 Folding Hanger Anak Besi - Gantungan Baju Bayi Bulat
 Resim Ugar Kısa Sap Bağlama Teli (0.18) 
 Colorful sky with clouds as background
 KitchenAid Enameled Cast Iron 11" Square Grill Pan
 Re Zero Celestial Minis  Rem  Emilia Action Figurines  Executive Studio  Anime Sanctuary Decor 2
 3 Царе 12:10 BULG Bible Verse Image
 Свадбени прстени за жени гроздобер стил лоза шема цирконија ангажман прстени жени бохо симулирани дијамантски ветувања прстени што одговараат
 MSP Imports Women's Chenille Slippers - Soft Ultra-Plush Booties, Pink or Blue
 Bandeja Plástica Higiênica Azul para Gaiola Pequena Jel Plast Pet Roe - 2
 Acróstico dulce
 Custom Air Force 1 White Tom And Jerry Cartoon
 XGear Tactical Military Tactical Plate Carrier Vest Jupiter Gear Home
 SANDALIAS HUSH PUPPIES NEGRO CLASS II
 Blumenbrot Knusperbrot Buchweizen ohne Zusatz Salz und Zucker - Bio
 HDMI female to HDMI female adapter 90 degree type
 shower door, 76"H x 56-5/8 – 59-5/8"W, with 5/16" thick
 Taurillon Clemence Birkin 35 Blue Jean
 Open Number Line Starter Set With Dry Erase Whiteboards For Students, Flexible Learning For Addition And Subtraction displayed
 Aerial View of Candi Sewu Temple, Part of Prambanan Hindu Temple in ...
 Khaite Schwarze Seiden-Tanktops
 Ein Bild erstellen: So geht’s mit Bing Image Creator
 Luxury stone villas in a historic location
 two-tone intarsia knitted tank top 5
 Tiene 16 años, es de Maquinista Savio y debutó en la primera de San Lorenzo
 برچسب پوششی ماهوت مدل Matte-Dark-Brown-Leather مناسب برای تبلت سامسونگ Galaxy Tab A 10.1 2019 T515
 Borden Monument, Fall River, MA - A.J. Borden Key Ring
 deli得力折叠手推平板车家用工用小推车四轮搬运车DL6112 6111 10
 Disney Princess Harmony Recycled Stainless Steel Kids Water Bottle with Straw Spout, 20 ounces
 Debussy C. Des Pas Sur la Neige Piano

================

From the records above, transcribe without alteration every line from the one with "Blumenbrot Knusperbrot Buchweizen" to the one with "two-tone intarsia knitted tank top 5", inclusive.

 Blumenbrot Knusperbrot Buchweizen ohne Zusatz Salz und Zucker - Bio
 HDMI female to HDMI female adapter 90 degree type
 shower door, 76"H x 56-5/8 – 59-5/8"W, with 5/16" thick
 Taurillon Clemence Birkin 35 Blue Jean
 Open Number Line Starter Set With Dry Erase Whiteboards For Students, Flexible Learning For Addition And Subtraction displayed
 Aerial View of Candi Sewu Temple, Part of Prambanan Hindu Temple in ...
 Khaite Schwarze Seiden-Tanktops
 Ein Bild erstellen: So geht’s mit Bing Image Creator
 Luxury stone villas in a historic location
 two-tone intarsia knitted tank top 5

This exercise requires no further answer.